横に2つ並べられた受付にはそれぞれ5人ずつ程の列が出来ている。
みな、年若く、汚れ一つない真新しい服装、酒場を好奇心たっぷりの目で見回す様子を見るに、ジェスター達同様に冒険者になりに来たのだろう。
自分達と似た境遇の人を見つけ不安を少し和らげた二人は、手前にあった左側の受付に続く列に並ぶことにする。

「俺たちと同じ考えの奴って結構いんだな」
「そうね、冒険者には特に資格は必要ないから、取り敢えずお金を稼ぎたい人とか、私達みたいな都市部に来たばっかの人は取り敢えず成っておくそうよ」
「へぇ....」
改めて酒場の様子を確認するジェスター。
古めかしくも重厚感のある木で出来たこの建物は、二階部分まで吹き抜けになっており、大人が数人分も在りそうなほどに太い何本のも柱がこの建物の随所に見える。
現在、並んでいる受付があるスペースの右側には、酒場のエリアとなっているようで数人が囲めるようなテーブルが複数設置されており、その広さはこの建物内の半分以上を占めている。
昼の時間にも関わらず真新しい傷を付けながらも楽し気に宴会を開いているひと達の姿に、改めて冒険者という物の自由さ、そんな自由な冒険者に今から自分もなると言う事実を実感する。
これからどんなことが起きるのかワクワクし始めているジェスターは、その視線を改めてこの受付スペースに戻す。

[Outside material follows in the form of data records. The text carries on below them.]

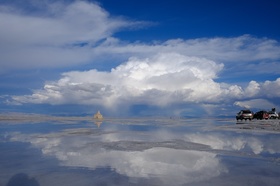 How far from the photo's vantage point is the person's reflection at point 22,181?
9.09 metres

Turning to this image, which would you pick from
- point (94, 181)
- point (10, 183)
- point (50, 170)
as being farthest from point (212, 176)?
point (10, 183)

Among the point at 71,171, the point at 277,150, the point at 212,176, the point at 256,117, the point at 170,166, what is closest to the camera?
the point at 212,176

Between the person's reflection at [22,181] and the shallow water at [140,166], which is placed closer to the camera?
the person's reflection at [22,181]

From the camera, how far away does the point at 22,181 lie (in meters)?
9.45

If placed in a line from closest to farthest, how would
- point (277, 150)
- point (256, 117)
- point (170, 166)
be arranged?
point (170, 166), point (277, 150), point (256, 117)

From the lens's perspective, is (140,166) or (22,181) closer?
(22,181)

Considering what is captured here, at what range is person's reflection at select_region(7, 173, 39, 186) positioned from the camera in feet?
29.8

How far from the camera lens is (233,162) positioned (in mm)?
12836

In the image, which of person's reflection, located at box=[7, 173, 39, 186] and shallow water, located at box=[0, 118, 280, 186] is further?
shallow water, located at box=[0, 118, 280, 186]

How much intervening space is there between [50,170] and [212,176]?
6.24 m

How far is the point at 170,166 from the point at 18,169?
245 inches

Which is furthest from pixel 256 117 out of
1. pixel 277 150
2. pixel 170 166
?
pixel 170 166

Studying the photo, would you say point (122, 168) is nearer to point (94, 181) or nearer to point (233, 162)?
point (94, 181)

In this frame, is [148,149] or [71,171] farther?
[148,149] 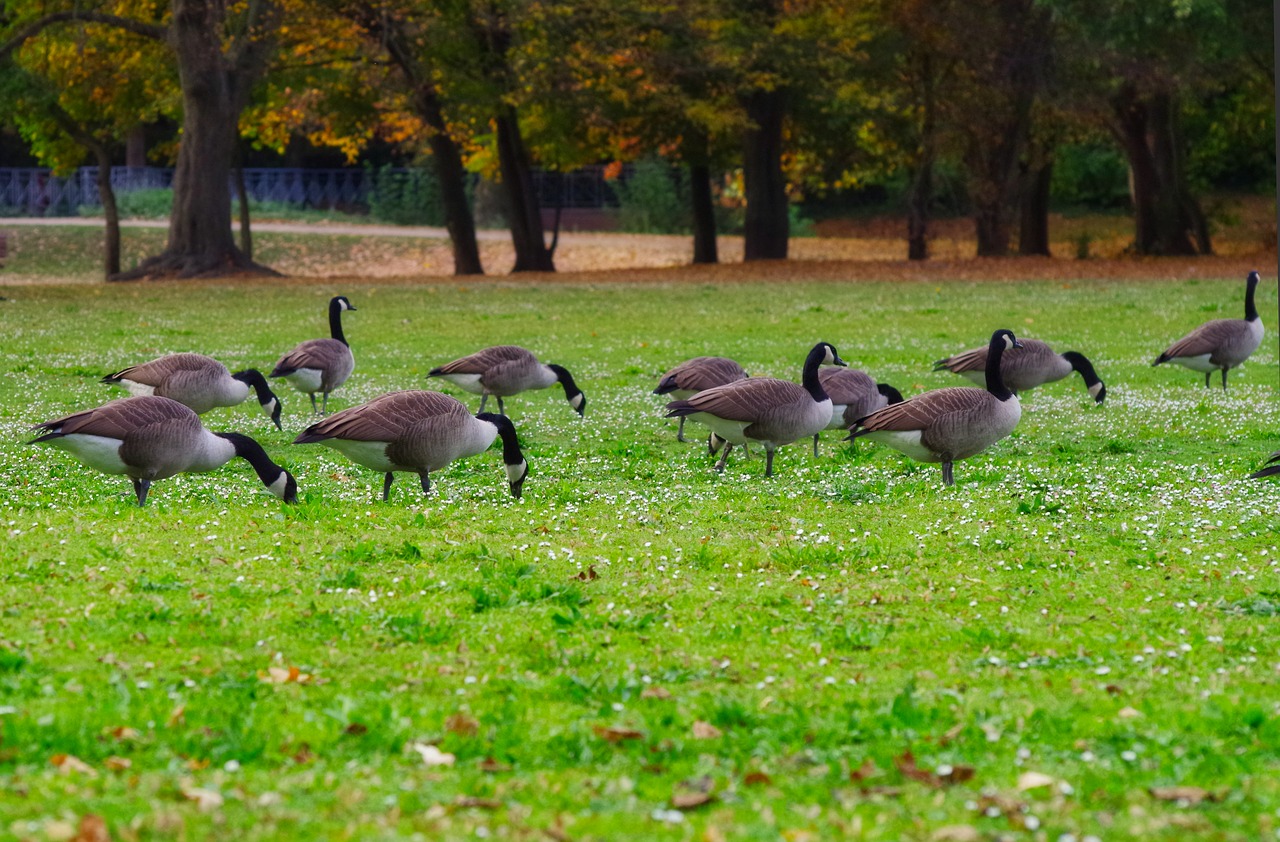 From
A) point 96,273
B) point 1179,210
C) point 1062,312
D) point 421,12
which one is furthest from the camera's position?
point 96,273

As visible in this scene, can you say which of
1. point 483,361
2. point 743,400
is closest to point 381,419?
point 743,400

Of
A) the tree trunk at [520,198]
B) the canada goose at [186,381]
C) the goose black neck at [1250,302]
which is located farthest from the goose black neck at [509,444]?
the tree trunk at [520,198]

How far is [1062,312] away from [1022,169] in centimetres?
2330

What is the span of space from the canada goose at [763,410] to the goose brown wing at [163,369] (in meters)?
5.34

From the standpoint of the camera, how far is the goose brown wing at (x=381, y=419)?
11062mm

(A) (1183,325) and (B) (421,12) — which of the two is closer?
(A) (1183,325)

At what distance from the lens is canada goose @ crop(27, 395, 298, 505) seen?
415 inches

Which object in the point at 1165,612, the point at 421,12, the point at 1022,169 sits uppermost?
the point at 421,12

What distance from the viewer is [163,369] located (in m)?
15.0

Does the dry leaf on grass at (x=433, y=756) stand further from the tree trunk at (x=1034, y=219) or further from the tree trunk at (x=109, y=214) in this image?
the tree trunk at (x=1034, y=219)

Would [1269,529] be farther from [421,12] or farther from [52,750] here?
[421,12]

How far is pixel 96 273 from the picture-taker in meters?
56.4

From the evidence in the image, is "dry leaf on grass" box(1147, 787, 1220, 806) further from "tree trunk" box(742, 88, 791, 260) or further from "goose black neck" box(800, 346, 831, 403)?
"tree trunk" box(742, 88, 791, 260)

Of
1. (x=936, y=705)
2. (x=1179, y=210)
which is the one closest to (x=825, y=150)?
(x=1179, y=210)
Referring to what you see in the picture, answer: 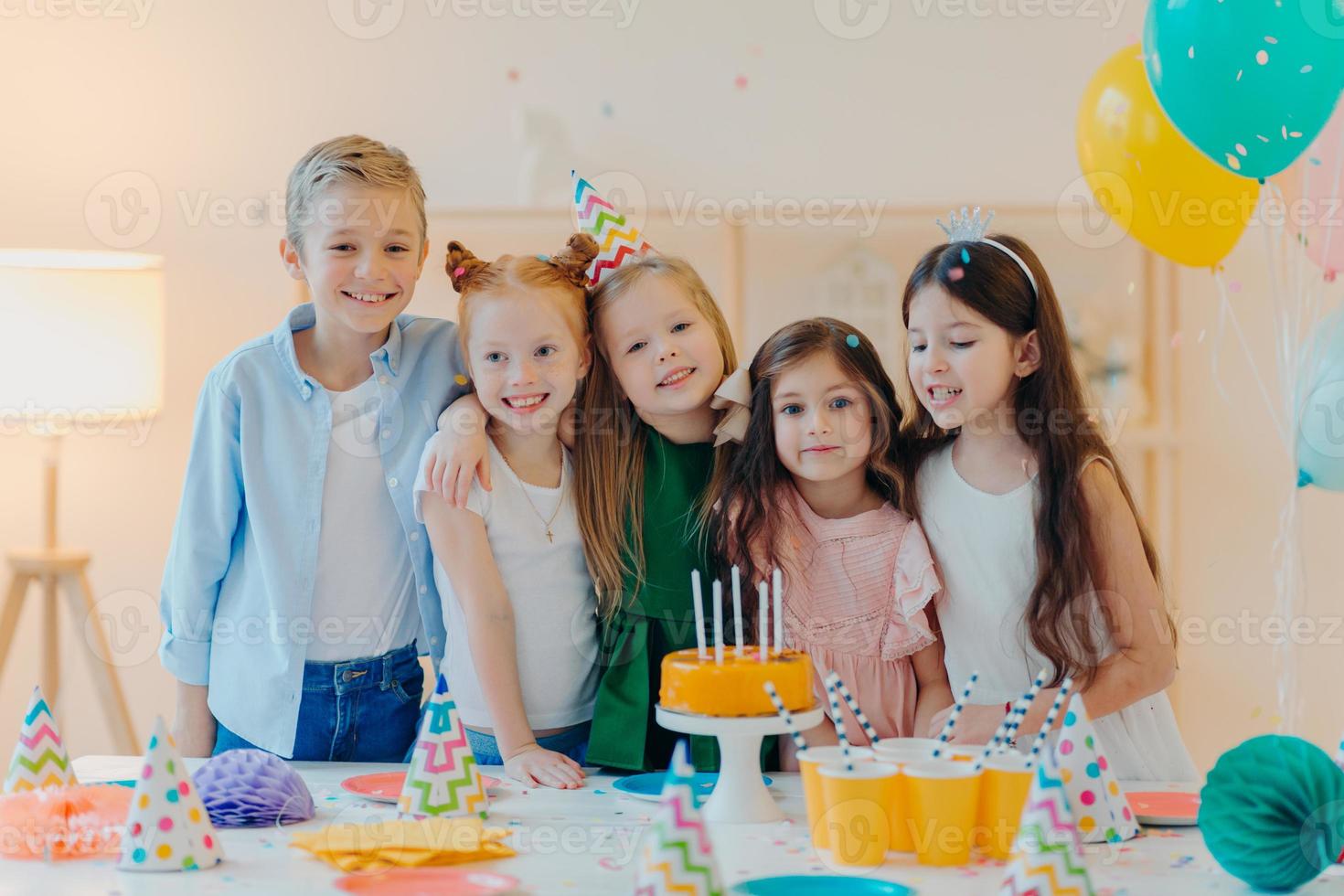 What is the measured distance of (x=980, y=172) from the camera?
3.42 meters

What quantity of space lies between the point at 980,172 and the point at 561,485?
2.05 m

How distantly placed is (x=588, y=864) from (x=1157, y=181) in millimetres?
→ 1373

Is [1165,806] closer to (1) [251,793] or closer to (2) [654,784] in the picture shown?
(2) [654,784]

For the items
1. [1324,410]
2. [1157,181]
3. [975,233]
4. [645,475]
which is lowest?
[645,475]

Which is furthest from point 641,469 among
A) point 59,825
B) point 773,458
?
point 59,825

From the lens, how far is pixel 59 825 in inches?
48.9

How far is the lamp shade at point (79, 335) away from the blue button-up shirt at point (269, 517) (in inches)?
43.1

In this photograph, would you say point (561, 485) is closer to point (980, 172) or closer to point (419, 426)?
point (419, 426)

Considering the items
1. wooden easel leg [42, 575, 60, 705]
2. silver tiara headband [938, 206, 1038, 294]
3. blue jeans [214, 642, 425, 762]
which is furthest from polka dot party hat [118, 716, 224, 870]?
wooden easel leg [42, 575, 60, 705]

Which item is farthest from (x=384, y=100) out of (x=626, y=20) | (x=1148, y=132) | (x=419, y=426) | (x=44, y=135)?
(x=1148, y=132)

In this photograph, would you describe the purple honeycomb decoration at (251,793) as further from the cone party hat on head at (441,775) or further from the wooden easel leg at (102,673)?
the wooden easel leg at (102,673)

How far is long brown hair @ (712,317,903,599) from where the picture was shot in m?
1.71

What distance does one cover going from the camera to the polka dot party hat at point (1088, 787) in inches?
50.2

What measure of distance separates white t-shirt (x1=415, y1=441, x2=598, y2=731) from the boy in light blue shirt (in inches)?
4.1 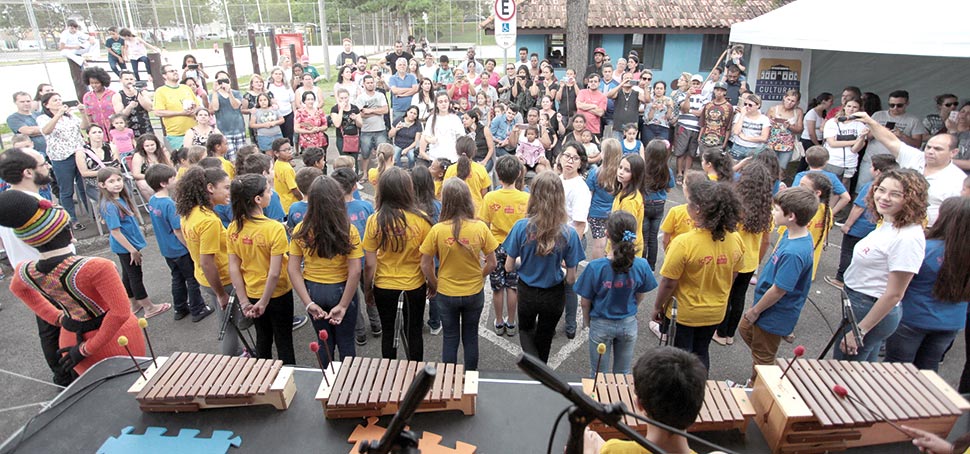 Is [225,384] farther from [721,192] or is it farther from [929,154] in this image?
[929,154]

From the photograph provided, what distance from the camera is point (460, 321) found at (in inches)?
161

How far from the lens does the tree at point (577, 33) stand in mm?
12297

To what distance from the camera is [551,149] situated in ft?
28.1

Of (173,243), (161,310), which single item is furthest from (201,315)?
(173,243)

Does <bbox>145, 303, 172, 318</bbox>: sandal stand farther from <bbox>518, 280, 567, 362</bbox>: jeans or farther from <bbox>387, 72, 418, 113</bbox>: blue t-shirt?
<bbox>387, 72, 418, 113</bbox>: blue t-shirt

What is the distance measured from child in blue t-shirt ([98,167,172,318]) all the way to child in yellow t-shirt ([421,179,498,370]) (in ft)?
10.4

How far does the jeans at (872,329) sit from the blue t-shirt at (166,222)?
17.9 feet

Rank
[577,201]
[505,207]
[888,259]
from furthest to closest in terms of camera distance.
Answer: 1. [577,201]
2. [505,207]
3. [888,259]

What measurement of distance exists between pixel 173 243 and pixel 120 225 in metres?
0.60

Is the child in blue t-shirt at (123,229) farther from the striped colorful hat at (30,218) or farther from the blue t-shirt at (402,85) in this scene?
the blue t-shirt at (402,85)

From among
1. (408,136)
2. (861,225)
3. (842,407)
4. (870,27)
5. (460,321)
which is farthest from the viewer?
(408,136)

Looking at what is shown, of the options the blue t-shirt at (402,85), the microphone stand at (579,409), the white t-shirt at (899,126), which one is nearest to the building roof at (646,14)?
the blue t-shirt at (402,85)

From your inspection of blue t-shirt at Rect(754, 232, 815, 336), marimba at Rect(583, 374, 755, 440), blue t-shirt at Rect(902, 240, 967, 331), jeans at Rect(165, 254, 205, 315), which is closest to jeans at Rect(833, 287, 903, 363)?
blue t-shirt at Rect(902, 240, 967, 331)

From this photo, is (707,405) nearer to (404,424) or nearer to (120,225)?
(404,424) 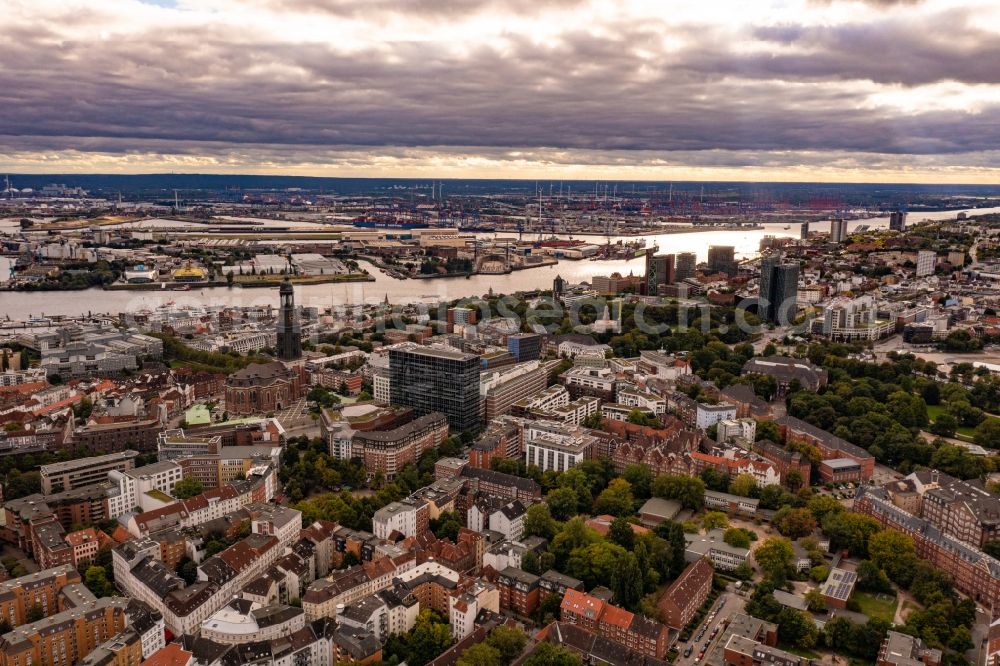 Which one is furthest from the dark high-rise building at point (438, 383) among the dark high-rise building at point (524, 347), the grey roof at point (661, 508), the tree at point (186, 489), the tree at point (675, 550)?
the tree at point (675, 550)

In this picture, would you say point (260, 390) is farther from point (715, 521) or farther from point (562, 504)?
point (715, 521)

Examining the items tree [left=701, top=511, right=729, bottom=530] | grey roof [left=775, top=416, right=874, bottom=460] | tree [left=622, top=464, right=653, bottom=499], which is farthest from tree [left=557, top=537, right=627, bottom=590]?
grey roof [left=775, top=416, right=874, bottom=460]

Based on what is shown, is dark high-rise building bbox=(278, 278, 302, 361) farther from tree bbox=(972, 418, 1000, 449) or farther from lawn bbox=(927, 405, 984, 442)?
tree bbox=(972, 418, 1000, 449)

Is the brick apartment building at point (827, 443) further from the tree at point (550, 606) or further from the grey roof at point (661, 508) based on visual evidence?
the tree at point (550, 606)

「おい、チェルビー。チェルビーさん。この列なんかおかしくない?」
「何が可笑しいのよ?」
「ほれほれ!」
何かに気付いたジェスターは身体を横に傾け、列の先頭を覗く。
それに倣い、チェルビーも足を一歩外に出し、列の先頭に目を向ける。

「見てみろよ、俺らの並んでいる列には男しかいない。そんで、隣の列を見ると...女しかいない。な、可笑しいだろ?」
「ウエイトレスさんは"お好きな方に"って言っていたから性別で分かれている訳ではないものね..」
「だろだろ...なんかあんのか?」
並んだ当初は様場の雰囲気に圧倒され気にしていなかったが、よくよく考えたら不自然だ。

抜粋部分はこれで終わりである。